Scraped caption text data
# # # # # # #

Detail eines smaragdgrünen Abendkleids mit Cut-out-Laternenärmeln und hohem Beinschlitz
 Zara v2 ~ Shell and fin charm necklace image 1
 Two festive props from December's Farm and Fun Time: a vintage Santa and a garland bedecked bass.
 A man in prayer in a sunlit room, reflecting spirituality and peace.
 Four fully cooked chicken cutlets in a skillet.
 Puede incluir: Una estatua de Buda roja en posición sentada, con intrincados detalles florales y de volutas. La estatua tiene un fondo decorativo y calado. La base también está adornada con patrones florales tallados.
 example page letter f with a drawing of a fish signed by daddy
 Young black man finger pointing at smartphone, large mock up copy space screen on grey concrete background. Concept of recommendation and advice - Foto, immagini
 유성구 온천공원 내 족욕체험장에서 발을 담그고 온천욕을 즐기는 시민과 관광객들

# # # # # # #

What you need to do: Each line, starting with the one containing "example page letter" and ending with the last line of the records above, should be reproduced exactly.

Output below:
 example page letter f with a drawing of a fish signed by daddy
 Young black man finger pointing at smartphone, large mock up copy space screen on grey concrete background. Concept of recommendation and advice - Foto, immagini
 유성구 온천공원 내 족욕체험장에서 발을 담그고 온천욕을 즐기는 시민과 관광객들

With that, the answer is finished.